Ads can deceive consumers by ambiguity, through presentation or by omitting important information. In short, that is information that the consumer needs to make informed decisions in relation to a product or service. They can, of course, also mislead by including false information.
The transactional decision test essentially means that the misleading claim has to affect the consumer’s behaviour - a “transactional decision”does not only involve the decision of whether or not to make a purchase, but can also be a matter of simply making further enquiries or navigating further into an advertiser’s website, for example.
What does it mean in practice?
You should try to be as clear as possible in your communications with consumers. This means that as well as not making false claims, you shouldn’t hide information from them or exaggerate any claims you plan to make.
You should make sure that you hold evidence for any objective claims you make i.e. those claims that can be proved. Claims that can’t be proved include, for example, opinion: “Our most stylish range ever!” Advertisers must hold the evidence for a claim before publishing an ad.
The best way to make sure you don’t fall foul of the Codes is to check your ad carefully against the Codes, it might help to look at our free online database for advice on particular topics.
To give you an idea of the sort of things you need to think about we’ve compiled a checklist to help you avoid ten common mistakes:
1. Care should be taken to consider the likely message consumers will take from a claim. For example, the ASA found claims on a vegetarian and vegan dating site, where the majority of members were meat-eaters, to be misleading.
2. The capability or performance of a product should not be exaggerated.
3. Make sure your pricing is clear. Our guide to Price statements will help you keep in line with the rules.
4. All relevant information should be made clear in the ad itself. This includes any significant conditions to an offer, which should be stated close, or clearly linked, to the main claim.

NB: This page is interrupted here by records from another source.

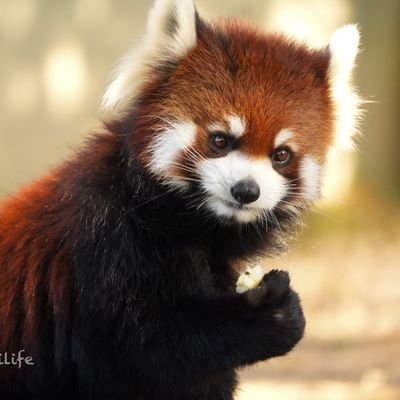 번개장터 : 콘치즈123 디엠알람이 잘 오지 않습니다 오픈카톡으로 연락주시면 빠른답변가능합니다 https://t.co/tbAkLQbS4U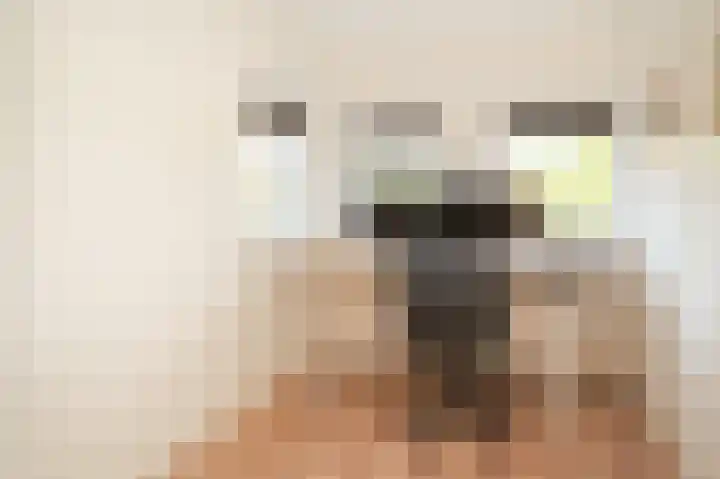Hanzestraat 3 Maasbommel thumbnail 40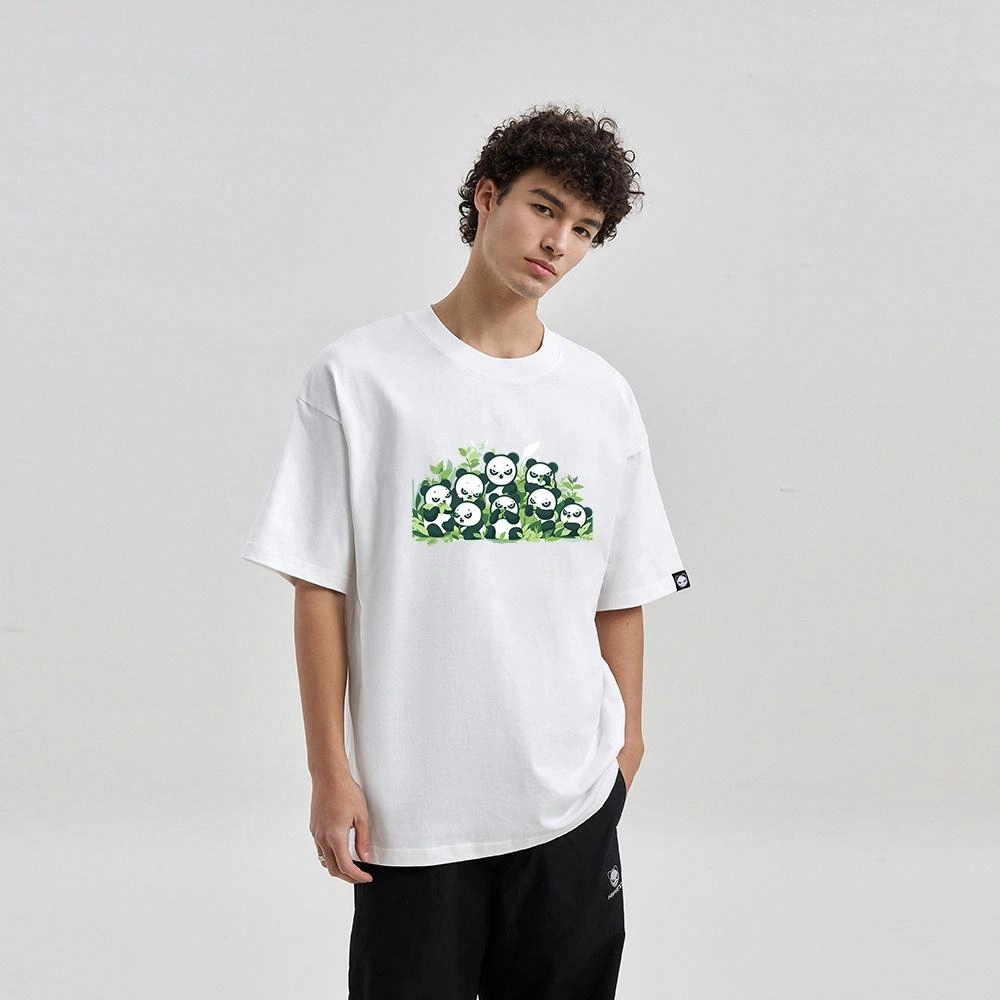 HIPANDA T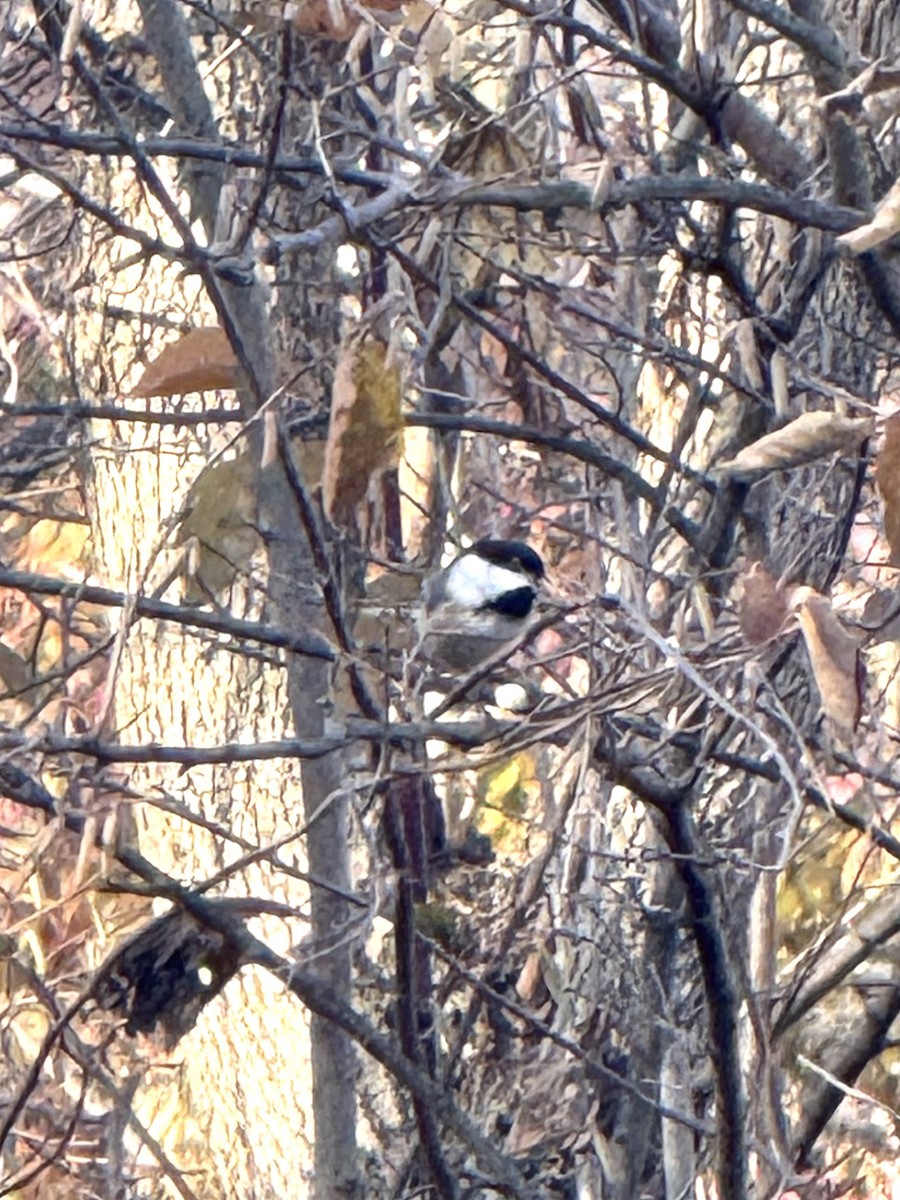 Black-capped Chickadee - ML644769757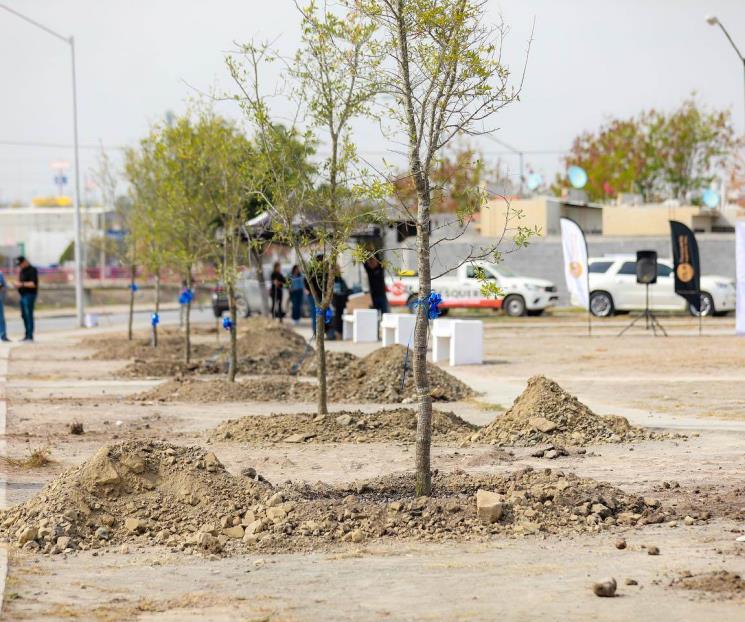 Va Pesquería por 10 mil árboles más Va Pesquería por 10 mil árboles más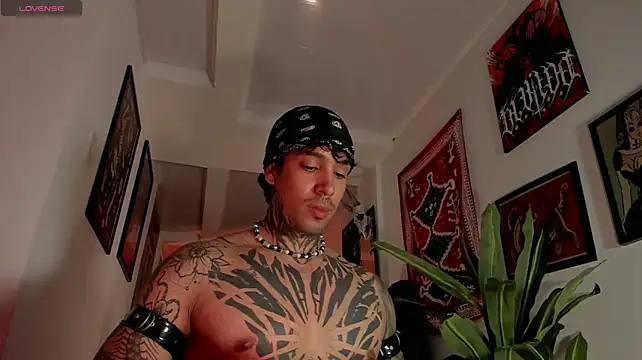 TigerStripes1_ – webcam-show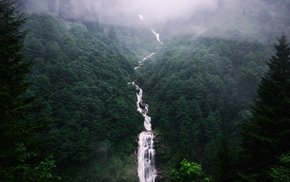 Waterfall Amidst Lush Forest And Fog
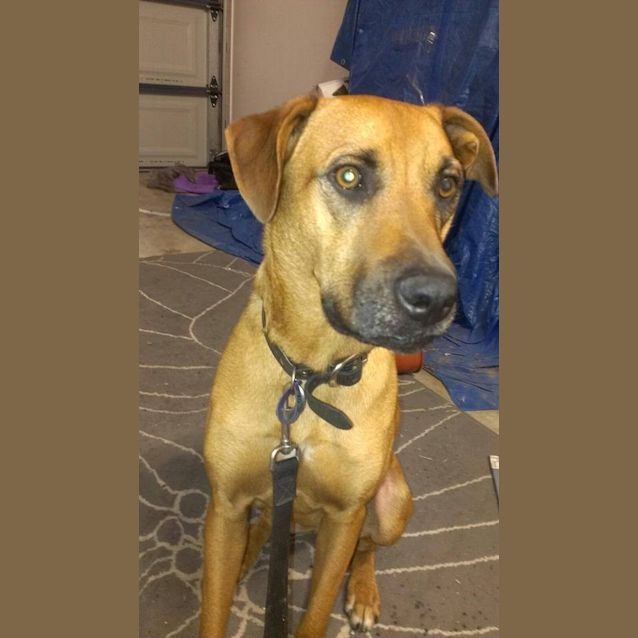 Photo of Xena   Application Pending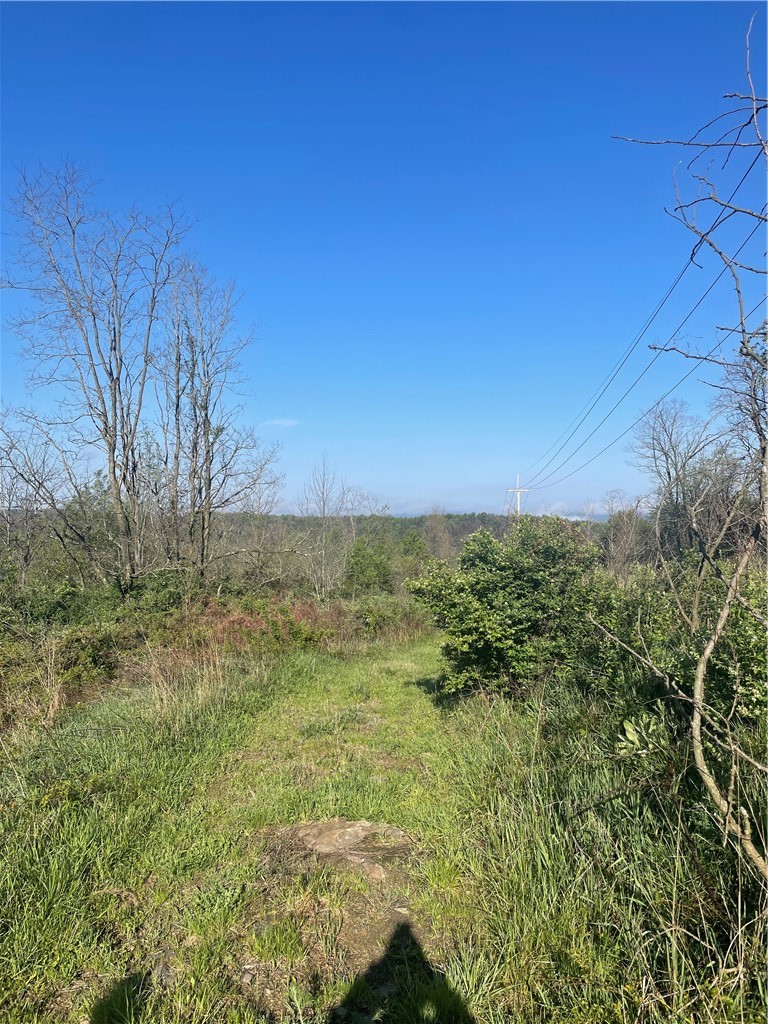 0 Erickson Dr — photo 8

5. Qualifying text also known as small print, should only be used to clarify a main claim in an ad, it shouldn’t be used to hide important information or be so great a qualification that it actually contradicts the primary claim.
6. You should hold, before an ad appears, adequate evidence to support all objective claims (i.e. those that are capable of being proven), bearing in mind the impression consumers are likely to take from the ad. Remember that for claims such as those in health, beauty and slimming ads, the level of evidence required is likely to be high. It could take the form of a body of evidence that includes controlled clinical trials on humans, for example.
7. Unqualified environmental claims (e.g. environmentally friendly; zero carbon) should not be used unless you can provide convincing evidence that the product will cause no environmental damage, taking account of the full life cycle of the product from manufacture to disposal. Although less absolute claims (e.g. uses less energy than X) are generally less risky, marketers must hold evidence and make the basis of the comparison clear.
8. If you can’t make a claim yourself (e.g. ‘cures migraines’), you can’t get around the Code by using a testimonial (e.g. ‘it cured my migraines’). Marketers are responsible for substantiating claims that appear in testimonials in the same way as other objective claims. You must also hold documentary evidence and contact details for the person who gave it.
9. It is permitted to make a comparison with a competitor, in the interest of vigorous competition and public information. However you should ensure the basis of the claim is clear, that it is made on an objective, like-for-like basis and, where necessary, that you hold evidence that relates to both your product and your competitor’s. If you can’t gain access to your competitor’s data to confirm the comparison, then you can’t make the comparison.
10. Finally, obvious exaggerations (“puffery”) and claims that the average consumer is unlikely to take literally are allowed and don’t need to be substantiated - provided that they do not materially mislead. For example, the ASA considered, in the context of an ad for a Chinese restaurant, the average listener would understand the claim “world-famous” to be tongue-in-cheek and exaggerated.